[Start of section]

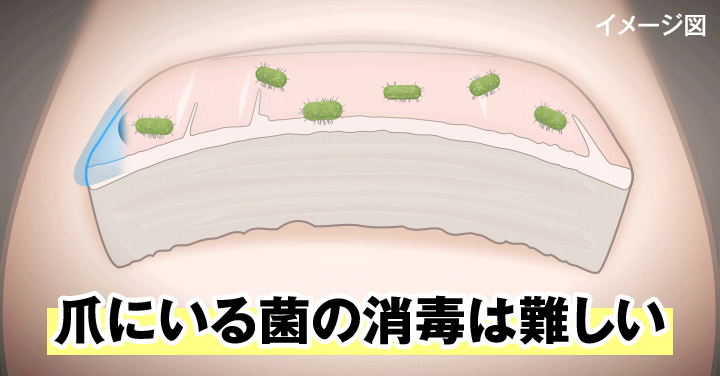 爪の菌の消毒は難しい。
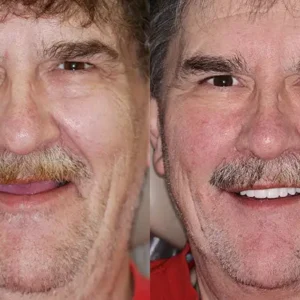 𝐁𝐢𝐤𝐞𝐧𝐝𝐚® Advanced Customized Full Denture Set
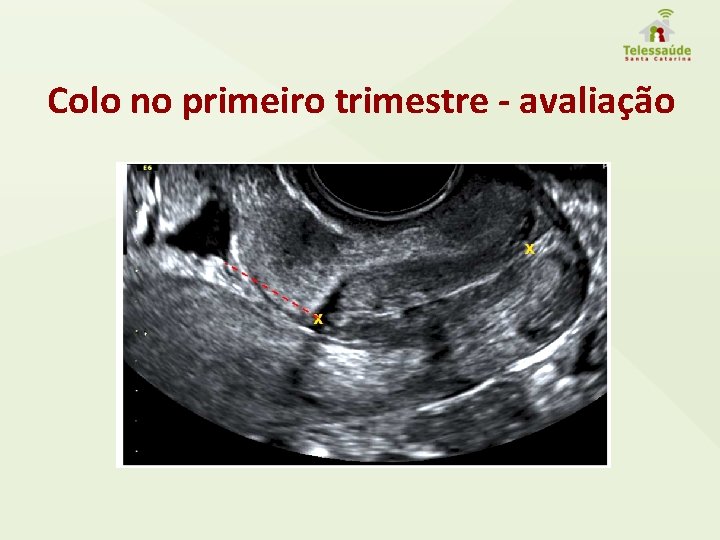 Colo no primeiro trimestre - avaliação 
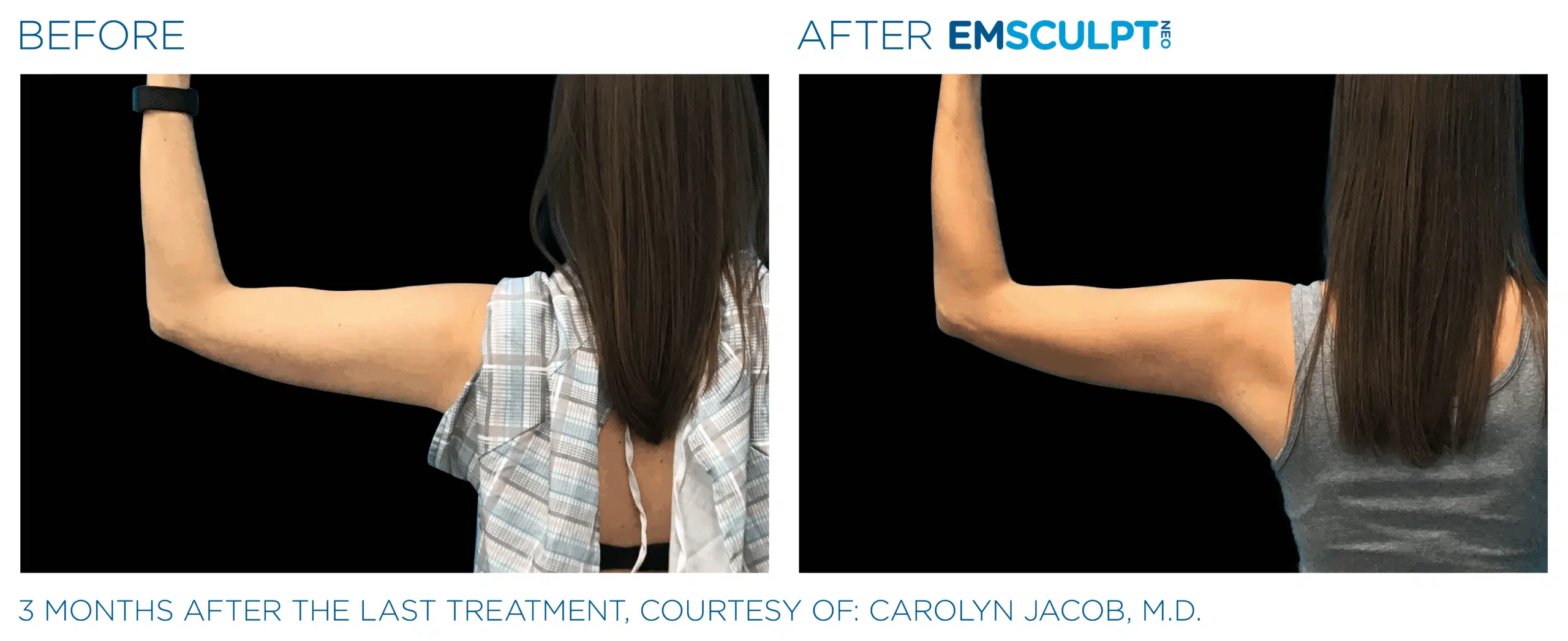 EMSCULPT NEO Arm shape and add muscle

[End of section]

TO DO: Word for word, give the listing above again, but drop any pictures.

OUTPUT:
 爪の菌の消毒は難しい。
 𝐁𝐢𝐤𝐞𝐧𝐝𝐚® Advanced Customized Full Denture Set
 Colo no primeiro trimestre - avaliação 
 EMSCULPT NEO Arm shape and add muscle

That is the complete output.